On the consumer side of things, Microsoft will continue to build up its cloud based activities. Outlook, Office 365, Skype, OneDrive and others provide an intriguing and eminently usable environment for working on the move. With apps for iOS and Android (as well as MacOS and Windows 10), making a positive decision to use Microsoft on mobile is something consumers can easily do.
Hardware as a source of significant revenue is not the Microsoft way, at least not in mobile. Devices like the Surface Pro tablet, the Surface Book and the Surface Studio creative desktop environment are clear demonstrators of the potential of Windows 10 in specific hardware. The rise of ultratablets and 2 in 1 convertibles happened hand in hand with greater acceptance of Microsoft’s hardware endeavours (the argument over what the Surface Laptop is actually demonstrating can wait for another time).

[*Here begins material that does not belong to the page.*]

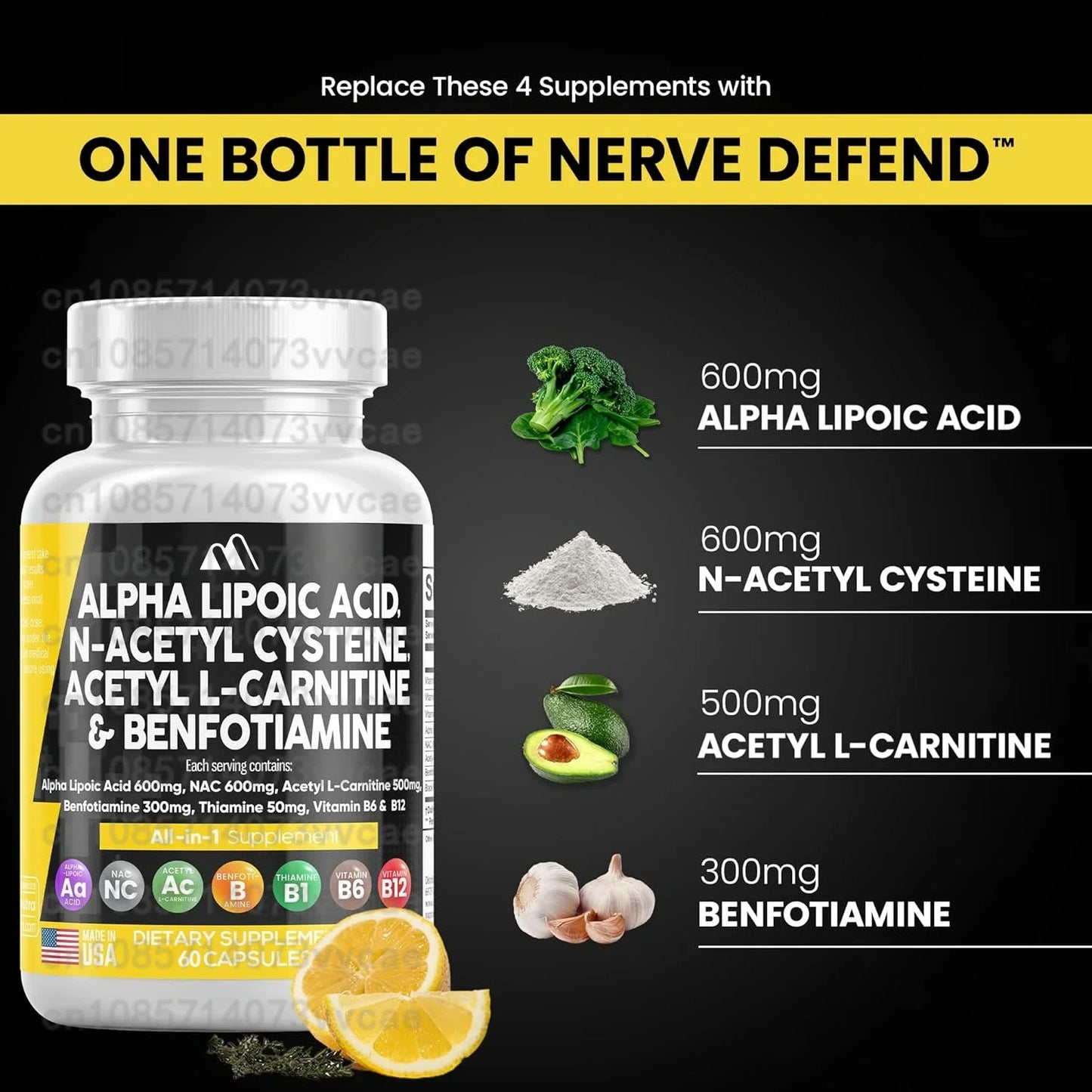 Alpha Lipoic Acid 600mg - Promotes Nervous System Health, Blood Circulation, Cardiovascular Support, Brain Health 60 Capsules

Which leads me, once more, to circle back to Windows on smartphones.
I expect to see more smartphones launched with Windows 10 Mobile in 2017 and beyond. While the mobile version of Windows 10 is not making an appreciable impact on the market share for the next few years, there is a small cadre of Windows 10 Mobile users where the technology is an important part of their workflow. The majority of these can be found in the enterprise sector. While they will not want bleeding edge technology, their handsets will need to be competent and updated on a frequent bases. Handsets like the Alcatel Idol 4S for Windows will continue to have a place in the ecosystem. That’s why there will be a steady flow of Windows 10 Mobile powered handsets for the next few years.
Microsoft is going to keep its smartphone hardware team ticking over for thereat of the decade. They are going to throw out ideas, they are going to experiment and there are going to be lots of concept devices floating around Redmond.
In part that explains the latest published patent from Microsoft on smartphones. Titled ‘Wireless Communications Device’ it talks about a bendable smartphone with antenna, battery, SIM card holders and screen connectors split over a hinge to create a dual-winged device. Various form factors are on show in the patent as examples, but none of them are close to a finished product.
Perhaps one of these will be the basis of the Surface Phone?
Building a demonstration smartphone running Windows 10 to show its manufacturers what is possible is a smart thing to do. The question is whether Microsoft would reveal it to the public, let alone put it on sale. I’ve no doubt there is more than one traditional-looking smartphone inside Redmond running the latest Windows 10 Mobile builds on top-end hardware. I don’t see the value in going public with those devices.
I do see the value in changing the nature of a mobile device. That’s where the Surface Phone will come in. Not a single slab of glass with minimal bezels that are on offer just now. Instead, just as Satya Nadella predicted, Microsoft’s mobile device will break out of the current moribund design cues.
If there’s going to be a Surface Phone, it needs to come with a strong statement. That’s where the hints in the patents can come into play… where Microsoft can be brash and experimental… where showing what can be achieved is more important than focusing on the market share.